# Spam King Living High In The Bayou



## John Corn (Mar 21, 2002)

> Scelson, a night owl by nature, arrived at the cinder-block shop only about an hour earlier. In the backroom, he nods toward two floor-to-ceiling racks of computer equipment - part of a system he uses to blast out e-mail advertising for Rolex watches, herbal supplements, insurance policies and more.
> 
> "With e-mail, I can guarantee you 80 million people," says Scelson, a self-taught computer repairman turned professional bulk e-mailer. "I can touch more people in a day's time than the Super Bowl can."
> 
> Ronnie Scelson - and scores of spammers like him - are the people who stuff the nation's computer in-boxes with junk e-mail.





> Scelson won't say precisely how much money he's made from bulk e-mailing, but he claims it's lucrative.

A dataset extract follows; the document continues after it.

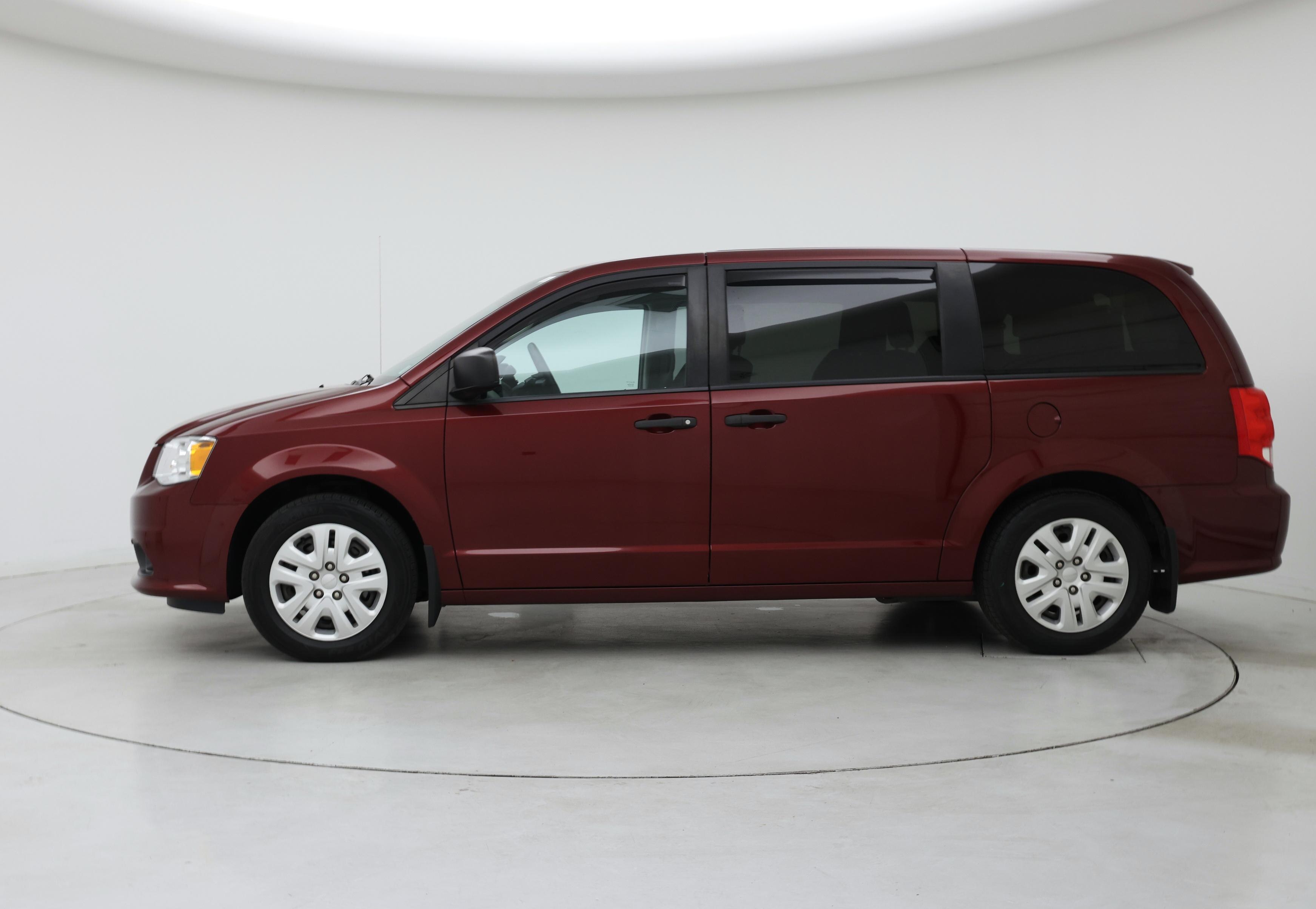 Thumbnail: 2019 Dodge Grand Caravan - 3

Enough to support a five-bedroom house in Slidell, complete with a game room, a home office and an in-ground pool. Enough, too, for the canary-yellow 2001 Corvette he drives.
> 
> Not bad for a guy who says he only made it through the eighth grade and worked his way out of a trailer park by teaching himself about computers.





> Scelson says he dabbled in electronics repair as a teen and even owned a cheap early-model computer. But it wasn't until he married and settled in a Slidell trailer park that he began studying how computers work.
> 
> Soon, Scelson got jobs in computer repair shops, including one that sent bulk e-mail on the side. Scelson says he found himself fascinated by the technical challenge both of sending junk e-mail and of evading the filters aimed at blocking it.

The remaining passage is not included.